Whatever their value, however, one has to keep one's perspective and not let the tail wag the dog. In his latest Tuesday Morning Quarterback column, Gregg Easterbrook highlights one contract where the tail was undoubtedly in control:
Last winter, the Tennessee Titans' braintrust was faced with an odd contract clause that required the team to pay Steve McNair either $1 million or $50 million on the eve of free agency. Titans' managers scratched their heads, drummed on the table, gazed off into the distance, took long walks and finally decided that they would rather pay $1 million than $50 million. Attention Bank of Sweden! Maybe the Titans' front office should be nominated for the Nobel Prize in Economics. This puzzling clause was part of the fictional contract that enabled McNair's agent to announce, in 2004, that he had signed his client to a breathtaking "six-year, $100 million contract." In order for those numbers to be realized, Tennessee had to opt to pay him $50 million instead of $1 million in winter 2006 -- which was never terribly likely, was it? McNair changed employers to Baltimore, his "six-year, $100 million" contract ending up lasting two seasons and paying about $11 million. That is, 89 percent of the contract was fictional.

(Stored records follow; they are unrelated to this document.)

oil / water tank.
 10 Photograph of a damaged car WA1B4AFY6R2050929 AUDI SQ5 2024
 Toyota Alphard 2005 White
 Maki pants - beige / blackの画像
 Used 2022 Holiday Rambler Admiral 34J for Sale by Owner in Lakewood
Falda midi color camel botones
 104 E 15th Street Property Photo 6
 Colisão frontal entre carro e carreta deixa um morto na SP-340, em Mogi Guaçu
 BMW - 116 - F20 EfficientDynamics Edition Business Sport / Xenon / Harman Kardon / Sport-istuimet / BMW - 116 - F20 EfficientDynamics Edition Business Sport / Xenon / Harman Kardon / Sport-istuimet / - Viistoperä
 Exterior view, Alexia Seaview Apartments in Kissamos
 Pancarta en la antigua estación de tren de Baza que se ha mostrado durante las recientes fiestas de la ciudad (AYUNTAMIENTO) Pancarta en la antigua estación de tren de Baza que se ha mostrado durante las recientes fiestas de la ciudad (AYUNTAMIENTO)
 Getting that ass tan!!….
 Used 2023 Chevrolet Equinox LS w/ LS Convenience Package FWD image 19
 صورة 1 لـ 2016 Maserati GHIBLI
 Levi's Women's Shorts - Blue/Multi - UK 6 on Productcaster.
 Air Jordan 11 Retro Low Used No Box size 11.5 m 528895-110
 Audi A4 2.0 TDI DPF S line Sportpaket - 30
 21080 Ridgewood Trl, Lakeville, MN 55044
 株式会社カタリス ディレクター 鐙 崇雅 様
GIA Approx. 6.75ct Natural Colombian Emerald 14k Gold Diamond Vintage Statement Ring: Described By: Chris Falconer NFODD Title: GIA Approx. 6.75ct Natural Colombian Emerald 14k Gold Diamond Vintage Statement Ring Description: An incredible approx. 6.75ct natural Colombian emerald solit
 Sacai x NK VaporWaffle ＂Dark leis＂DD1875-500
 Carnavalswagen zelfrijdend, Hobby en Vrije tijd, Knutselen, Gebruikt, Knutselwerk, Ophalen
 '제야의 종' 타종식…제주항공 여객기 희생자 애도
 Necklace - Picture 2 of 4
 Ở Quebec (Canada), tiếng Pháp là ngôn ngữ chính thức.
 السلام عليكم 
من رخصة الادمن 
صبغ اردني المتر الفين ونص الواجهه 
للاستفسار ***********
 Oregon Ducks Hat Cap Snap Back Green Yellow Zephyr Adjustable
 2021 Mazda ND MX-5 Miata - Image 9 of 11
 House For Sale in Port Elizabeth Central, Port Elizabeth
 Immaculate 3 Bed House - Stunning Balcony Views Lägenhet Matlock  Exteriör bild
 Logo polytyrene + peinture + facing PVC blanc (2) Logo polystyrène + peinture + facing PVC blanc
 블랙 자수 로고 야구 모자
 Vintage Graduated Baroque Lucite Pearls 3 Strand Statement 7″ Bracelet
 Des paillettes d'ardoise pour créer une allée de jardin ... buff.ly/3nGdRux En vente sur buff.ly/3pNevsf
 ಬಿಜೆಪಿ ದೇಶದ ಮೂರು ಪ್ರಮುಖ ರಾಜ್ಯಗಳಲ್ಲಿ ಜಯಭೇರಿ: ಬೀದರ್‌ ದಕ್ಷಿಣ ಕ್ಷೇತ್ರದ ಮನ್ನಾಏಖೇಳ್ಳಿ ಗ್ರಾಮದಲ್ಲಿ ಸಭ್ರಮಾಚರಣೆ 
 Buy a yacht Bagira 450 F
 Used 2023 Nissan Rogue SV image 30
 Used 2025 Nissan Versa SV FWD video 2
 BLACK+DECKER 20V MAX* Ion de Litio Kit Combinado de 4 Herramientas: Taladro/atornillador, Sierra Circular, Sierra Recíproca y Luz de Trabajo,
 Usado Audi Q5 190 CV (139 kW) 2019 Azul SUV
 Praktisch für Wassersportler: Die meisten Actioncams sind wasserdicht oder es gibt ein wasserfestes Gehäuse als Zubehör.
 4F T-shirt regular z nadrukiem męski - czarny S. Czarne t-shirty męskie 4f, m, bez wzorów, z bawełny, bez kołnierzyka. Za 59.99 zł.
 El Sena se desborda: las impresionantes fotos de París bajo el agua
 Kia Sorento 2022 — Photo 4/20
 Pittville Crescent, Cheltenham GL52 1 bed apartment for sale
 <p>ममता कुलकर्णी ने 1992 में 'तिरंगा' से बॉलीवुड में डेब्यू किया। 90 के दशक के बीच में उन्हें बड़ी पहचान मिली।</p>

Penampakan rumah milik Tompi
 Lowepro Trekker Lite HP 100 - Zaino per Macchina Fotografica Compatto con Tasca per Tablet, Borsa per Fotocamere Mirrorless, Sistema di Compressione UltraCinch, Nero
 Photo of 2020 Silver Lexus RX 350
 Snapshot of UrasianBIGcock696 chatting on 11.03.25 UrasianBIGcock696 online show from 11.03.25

Honestly, does that clause serve the client's interests at all or is it just a sop to the agent's vanity? That "optic" is more a fun-house mirror, distorting the true meaning of the agreement. Still, if you're going to do it, why stop halfway? Why, when he had a pliable client on the hook, did McNair's agent not embrace his inner "Dr. Evil" and make that option year for one billion dollars? After all, "six-year, $1.05 billion" contract sounds much better than the paltry sum for which they eventually signed.
At the other end of the spectrum is a sports-related contract clause which strikes me as eminently advisable (via the Baseball Crank blog):
[San Francisco Giants outfielder Barry] Bonds' $15.8 million, one-year agreement contains a provision giving the club the right to void the deal if he is indicted, but the outfielder's agent says the language is unenforceable under baseball's collective bargaining agreement.
The unusual provision, included in the deal that was completed Monday night, is designed by the team to protect itself in case Bonds is charged in the federal government's steroids investigation. Bonds' personal trainer, Greg Anderson, is in a California federal prison because he has refused to testify whether Bonds committed perjury when he told a 2003 grand jury he never knowingly used performance-enhancing drugs.